Take the entries below and reproduce exactly the portion that begins at the line containing "NIO ES6 2022 лот 57708890 из Китая" and ends at the line containing "Přenosný zametací robot", keeping both ends, dropping pictures, and adding nothing else.

**DATA FOR ANALYSIS**
----

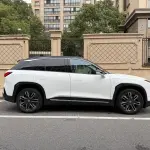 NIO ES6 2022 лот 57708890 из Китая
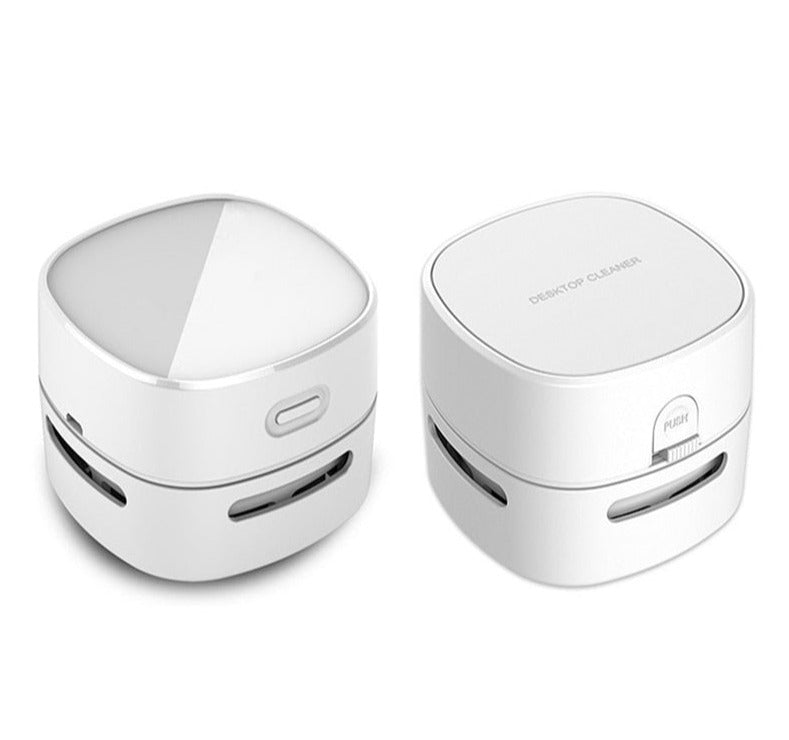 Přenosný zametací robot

----

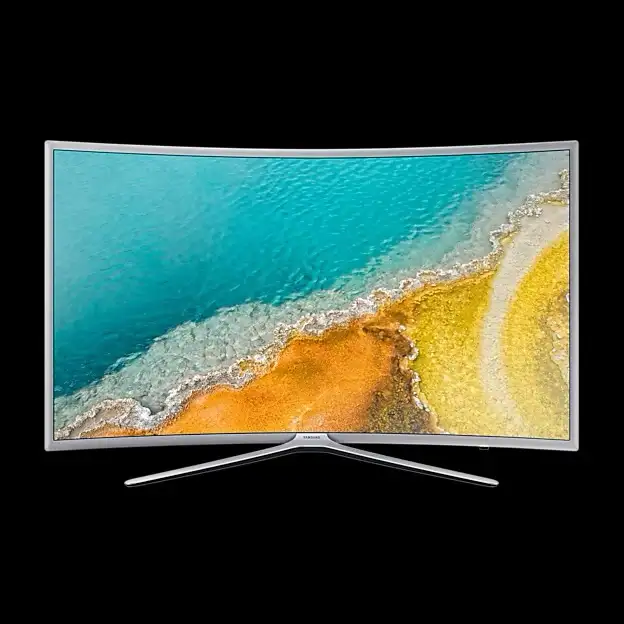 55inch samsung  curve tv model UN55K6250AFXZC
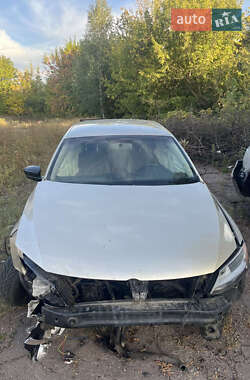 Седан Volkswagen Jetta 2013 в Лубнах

----

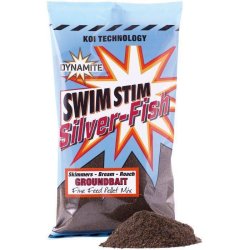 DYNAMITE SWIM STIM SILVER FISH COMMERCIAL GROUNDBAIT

----

**TASK OUTPUT**
 NIO ES6 2022 лот 57708890 из Китая
 Přenosný zametací robot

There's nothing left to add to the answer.